1. Das durch den Prozessbevollmächtigten ausdrücklich auch im eigenen Namen
gestellte Ablehnungsgesuch ist unzulässig. Dem Prozessbevollmächtigten steht kein
selbstständiges Ablehnungsrecht aus eigenem Recht zu (Zöller-Vollkommer, 28. Aufl., §
42 Rdnr. 2 m. w. N.; Musielak-Heinrich, 7. Aufl., § 42 Rdnr. 18; Baumbach, ZPO, 69. Aufl.,
2011, § 42 Rdnr. 4 m. w. N.).
Das Ablehnungsgesuch des Beklagten ist in der mündlichen Verhandlung am
08.09.2010 vor dem Landgericht in zulässiger Form mündlich angebracht und von der
Richterin zu Protokoll genommen worden (Zöller-Vollkommer, 28. Aufl., § 44 Rdnr. 1). Die
Individualisierung des Ablehnungsgrundes war sogleich erforderlich, die alleinige
Erklärung, dass die Richterin abgelehnt werde, wäre dagegen nicht ausreichend. Dem
Protokoll der mündlichen Verhandlung kann entnommen werden, dass das
Ablehnungsgesuch im unmittelbaren Zusammenhang mit der Entscheidung der
Richterin zur (Nicht-)Protokollierung eines Hinweises gestellt worden ist. Insoweit ist dies
zur Individualisierung des Ablehnungsgesuches ausreichend und kann zudem ergänzt
werden (a. a. O., § 44 Rdnr. 2).
2. Zutreffend haben die nach der Geschäftsverteilung des Landgerichts zuständigen
Vertreter der abgelehnten Vorsitzenden der Kammer für Handelssachen nicht allein,
sondern in voller Spruchbesetzung mit zwei ehrenamtlichen Richtern entschieden (a. a.
O., § 45 Rdnr. 2).
3. Nach § 42 Abs. 2 ZPO findet die Ablehnung wegen Besorgnis der Befangenheit statt,
wenn ein Grund vorliegt, der geeignet ist, Misstrauen gegen die Unparteilichkeit eines
Richters zu rechtfertigen. Entscheidend ist insoweit, ob eine Partei bei vernünftiger
Würdigung Anlass hat, an der Unvoreingenommenheit und objektiven
Einstellung eines Richters zu zweifeln (a. a. O. § 42 Rdnr. 8 ff.). Misstrauen in die
unparteiliche Amtsausübung der Richterin rechtfertigen können nur objektive Gründe,
die vom Standpunkt des Ablehnenden aus bei vernünftiger und besonnener Betrachtung
die Befürchtung wecken können, die Richterin stehe der Sache nicht unvoreingenommen
gegenüber; rein subjektive Vorstellungen und Gedankengänge des Ablehnenden
genügen nicht. Entscheidend ist, ob ein Prozessbeteiligter bei vernünftiger Würdigung
aller Umstände Anlass hat, an der Unvoreingenommenheit der Richterin zu zweifeln (a.

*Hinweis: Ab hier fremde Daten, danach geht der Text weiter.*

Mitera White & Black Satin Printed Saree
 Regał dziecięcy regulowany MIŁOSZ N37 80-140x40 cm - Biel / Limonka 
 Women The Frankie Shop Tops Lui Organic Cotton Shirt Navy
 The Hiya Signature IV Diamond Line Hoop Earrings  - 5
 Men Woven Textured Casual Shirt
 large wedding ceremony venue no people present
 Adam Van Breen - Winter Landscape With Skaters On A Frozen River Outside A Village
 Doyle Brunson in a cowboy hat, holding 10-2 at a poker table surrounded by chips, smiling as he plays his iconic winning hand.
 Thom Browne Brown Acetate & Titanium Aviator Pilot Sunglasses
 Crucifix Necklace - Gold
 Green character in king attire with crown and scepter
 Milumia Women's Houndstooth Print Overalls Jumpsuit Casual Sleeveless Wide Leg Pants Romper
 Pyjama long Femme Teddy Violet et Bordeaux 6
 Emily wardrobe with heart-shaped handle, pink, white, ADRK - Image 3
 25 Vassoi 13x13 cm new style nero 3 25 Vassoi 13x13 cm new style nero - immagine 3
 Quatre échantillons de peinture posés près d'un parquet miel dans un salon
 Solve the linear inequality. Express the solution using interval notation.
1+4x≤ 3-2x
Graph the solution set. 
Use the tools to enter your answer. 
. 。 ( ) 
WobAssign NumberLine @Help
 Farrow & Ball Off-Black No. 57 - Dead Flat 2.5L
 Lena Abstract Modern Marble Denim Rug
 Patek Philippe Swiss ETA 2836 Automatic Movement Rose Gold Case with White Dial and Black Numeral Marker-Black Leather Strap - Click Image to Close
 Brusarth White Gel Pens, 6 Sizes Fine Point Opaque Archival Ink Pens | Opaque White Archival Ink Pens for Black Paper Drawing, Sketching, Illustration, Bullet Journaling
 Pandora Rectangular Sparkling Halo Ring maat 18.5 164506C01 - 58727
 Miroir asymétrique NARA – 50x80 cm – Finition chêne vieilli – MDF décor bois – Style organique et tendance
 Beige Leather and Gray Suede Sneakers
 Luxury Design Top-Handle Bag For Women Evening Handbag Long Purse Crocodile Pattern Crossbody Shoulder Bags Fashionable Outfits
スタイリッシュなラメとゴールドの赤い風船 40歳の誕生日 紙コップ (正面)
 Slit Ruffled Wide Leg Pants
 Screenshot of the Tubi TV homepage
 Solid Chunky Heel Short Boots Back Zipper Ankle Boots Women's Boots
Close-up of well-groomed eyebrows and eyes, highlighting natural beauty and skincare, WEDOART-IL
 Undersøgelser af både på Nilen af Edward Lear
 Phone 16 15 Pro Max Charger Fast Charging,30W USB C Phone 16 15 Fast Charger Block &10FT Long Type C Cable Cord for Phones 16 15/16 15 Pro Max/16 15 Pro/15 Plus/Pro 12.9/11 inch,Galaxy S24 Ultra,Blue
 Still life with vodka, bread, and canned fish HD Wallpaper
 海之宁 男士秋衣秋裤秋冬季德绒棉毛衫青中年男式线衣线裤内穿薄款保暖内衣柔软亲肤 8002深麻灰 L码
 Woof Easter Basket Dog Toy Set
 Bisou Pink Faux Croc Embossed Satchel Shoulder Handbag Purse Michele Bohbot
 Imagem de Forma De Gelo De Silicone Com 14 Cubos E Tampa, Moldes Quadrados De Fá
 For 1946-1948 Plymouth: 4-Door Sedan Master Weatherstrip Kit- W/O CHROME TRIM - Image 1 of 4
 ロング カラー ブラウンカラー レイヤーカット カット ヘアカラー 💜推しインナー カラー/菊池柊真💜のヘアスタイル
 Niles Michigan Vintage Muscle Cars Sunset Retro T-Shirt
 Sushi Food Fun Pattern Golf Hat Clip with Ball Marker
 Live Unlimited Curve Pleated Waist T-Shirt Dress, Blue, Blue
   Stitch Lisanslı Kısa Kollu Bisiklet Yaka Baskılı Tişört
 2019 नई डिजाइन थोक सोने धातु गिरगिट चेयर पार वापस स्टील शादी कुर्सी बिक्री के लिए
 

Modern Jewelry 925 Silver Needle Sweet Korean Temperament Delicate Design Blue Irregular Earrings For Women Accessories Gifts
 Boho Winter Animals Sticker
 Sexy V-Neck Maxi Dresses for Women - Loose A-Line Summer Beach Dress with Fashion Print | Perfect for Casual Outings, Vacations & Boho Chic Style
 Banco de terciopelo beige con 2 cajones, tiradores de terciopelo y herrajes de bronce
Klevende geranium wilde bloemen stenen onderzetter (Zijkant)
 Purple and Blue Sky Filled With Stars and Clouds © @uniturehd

a. O., § 42 Rdnr. 9 m. w. N.). Zutreffend weist der Beklagte also darauf hin, dass § 42
Abs. 2 ZPO nicht an eine Befangenheit der Richterin anknüpft, sondern bereits an ein
Verhalten, das die Annahme der Besorgnis der Befangenheit rechtfertigt (BGH,
Beschluss vom 21.10.2010, V ZB 210/09, dort Ziff. 11 zitiert nach juris). Jedoch
rechtfertigen grundsätzlich weder Rechtsauffassungen der Richterin noch Maßnahmen
der Prozessleitung einen Ablehnungsgrund, ebenso wenig stellen sachlich fehlerhafte
Entscheidungen oder für eine Partei ungünstige Rechtsauffassungen für sich genommen
bzw. Verfahrensverstöße im Rahmen der Prozessleitung einen Befangenheitsgrund dar.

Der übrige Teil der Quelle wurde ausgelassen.